No PKNCA validation; no NCA in source. This is a discrete count likelihood for an imaging endpoint, not a PK exposure curve. There are no Cmax / AUC / half-life values to compare against – the source paper reports model-based descriptors (probability of zero CELs, maximum elapsed time without lesions, cumulative CELs per year) which the model reproduces by construction. The F.3 mechanistic-sanity check above is the analogue of the PKNCA check for count models, and the Figure 5 distribution replication is the analogue of a VPC.

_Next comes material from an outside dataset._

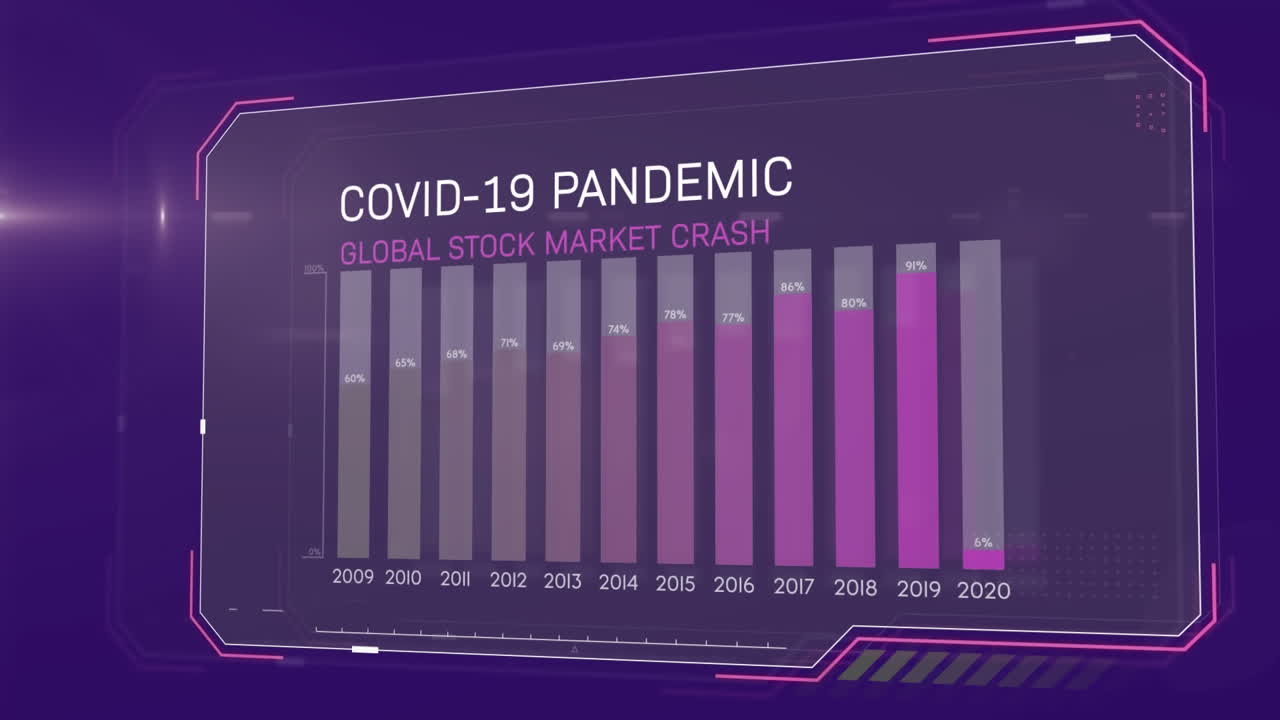 animación del colapso del mercado de valores global de la pandemia de covid-19 escrita en pantalla con gráficos y estadísticas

Markov simulation is iterative, not native rxode2. Because the observation depends recursively on prior observations, the 48-month simulation cannot be expressed as a single rxSolve call. The model is registered as algebraic = TRUE in modeldb, so the closed-form equation 5 evaluation is identical between the packaged model (verified by the F.3 grid above) and the vectorized base-R helper simulate_cohort_markov() used for the 1000-subject Markov-cohort replication. Either route is acceptable; the base-R helper is preferred for stochastic sweeps because it avoids the per-call overhead of rxSolve. A future rxode2 release exposing observation-as-future-covariate would let this collapse to a single rxSolve invocation.
Demographic detail not in source. Age range, weight range, sex split, race / ethnicity are not tabulated in the Velez de Mendizabal 2013 publication; the Methods section refers to Bagnato et al. 2003 (reference [25] of the source paper) for the cohort description. The population metadata block records these fields as “(not reported)”.